Parallels between the lives led by Black South Africans and Black Americans
By Daphnie
This memorialization of what took place in South Africa forces accountability and sets the stage for repairing the wrongs done. In the US, there was no such attempt at reconciliation or restorative justice.
Apartheid cannot be compared to the slavery and Jim Crow laws of the US, but the some of the results are similar. Returning from the trip, I continue to think of the parallels between the lives led by Black South Africans and Black Americans. Both groups with limited options for quality education, reduced access to healthcare, facing discrimination, and denial of oppression. In the case of the US Jim Crow ended in 1965, nearly three decades before apartheid ended in 1994. And yet, the US is not strides ahead on its path to reconciliation. One could argue that the difference may lie in the motivations in ending these policies and laws – the US was under domestic pressure while South Africa’s pressure was international. But a possible explanation could be in the actions that were taken once the institutionalized racism ended.

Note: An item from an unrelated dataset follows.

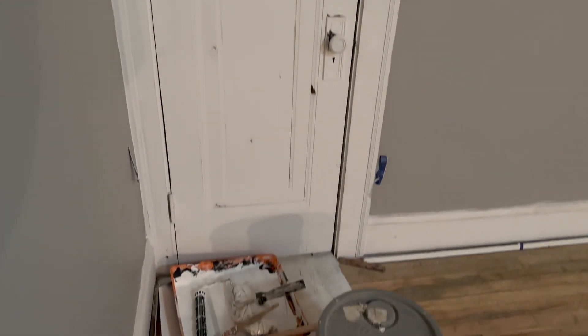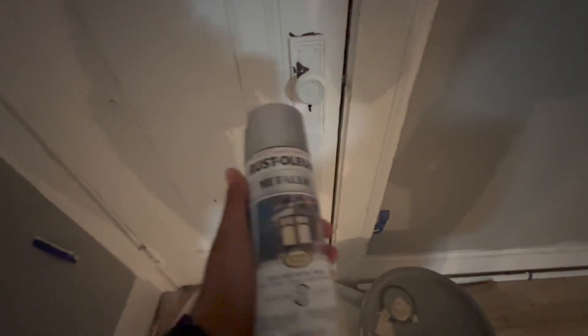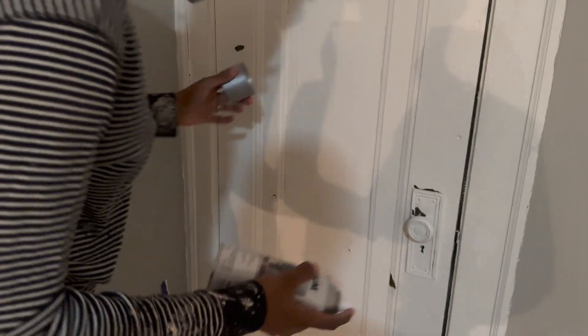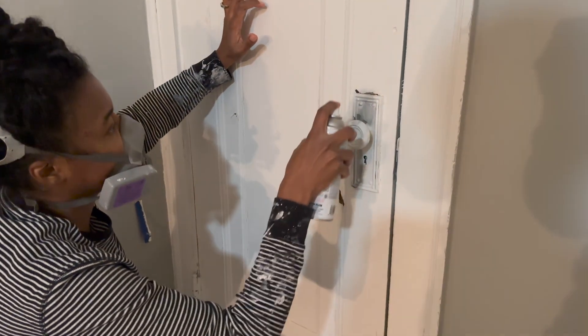We're renovating this unit and this door looks a mess, so I found a quick and easy way to restore it. I got some Rustoleum metallic paint and got to work. I just love this sheen because it gives it a little shine.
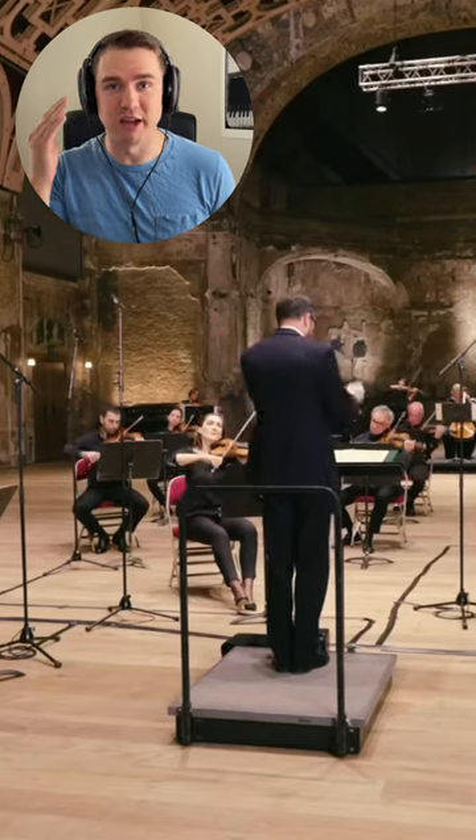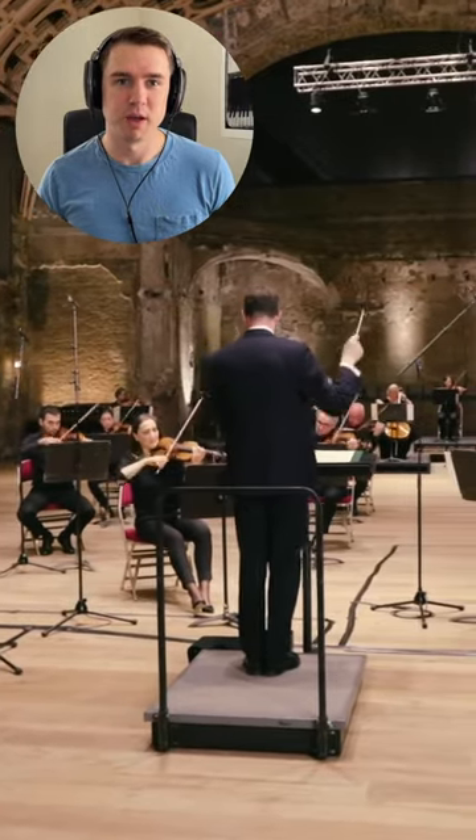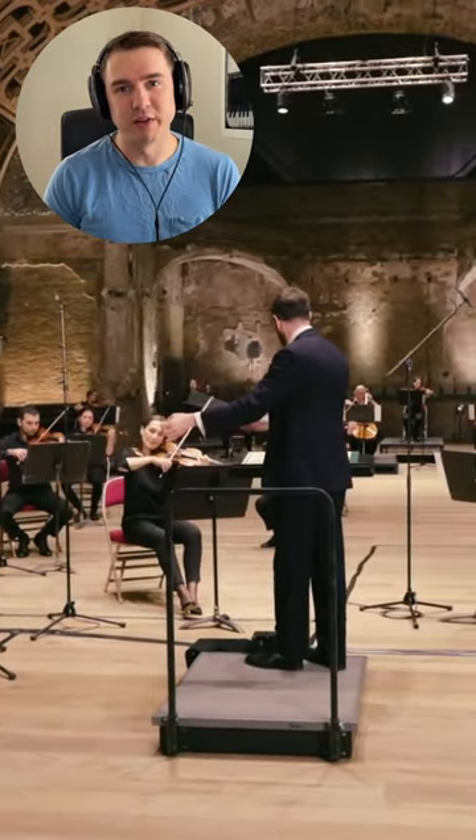A few years later, with the melody still in his head, Vaughan Williams wrote this truly beautiful piece for strings. This is now one of Vaughan Williams' most widely performed compositions, and it really helped put British music back on the map in the early 1900s.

At the end of apartheid, the Truth and Reconciliation Commission held hearings to allow for victims to record crimes committed against them and for perpetrators to confess. In some cases, it allowed for reparations to victims and amnesty under certain conditions to those who had committed crimes. This memorialization of what took place in South Africa forces accountability and sets the stage for repairing the wrongs done. In the US, there was no such attempt at reconciliation or restorative justice. Instead, there are arguments that slavery and Jim Crow were long ago, the people who perpetrated these atrocities are no longer are alive (although white Americans still benefit), and that reparations would be too difficult to determine.
It will be interesting to see how these two countries treat their marginalized populations in the future – will they continue to run parallel to each other? Will one country lap the other?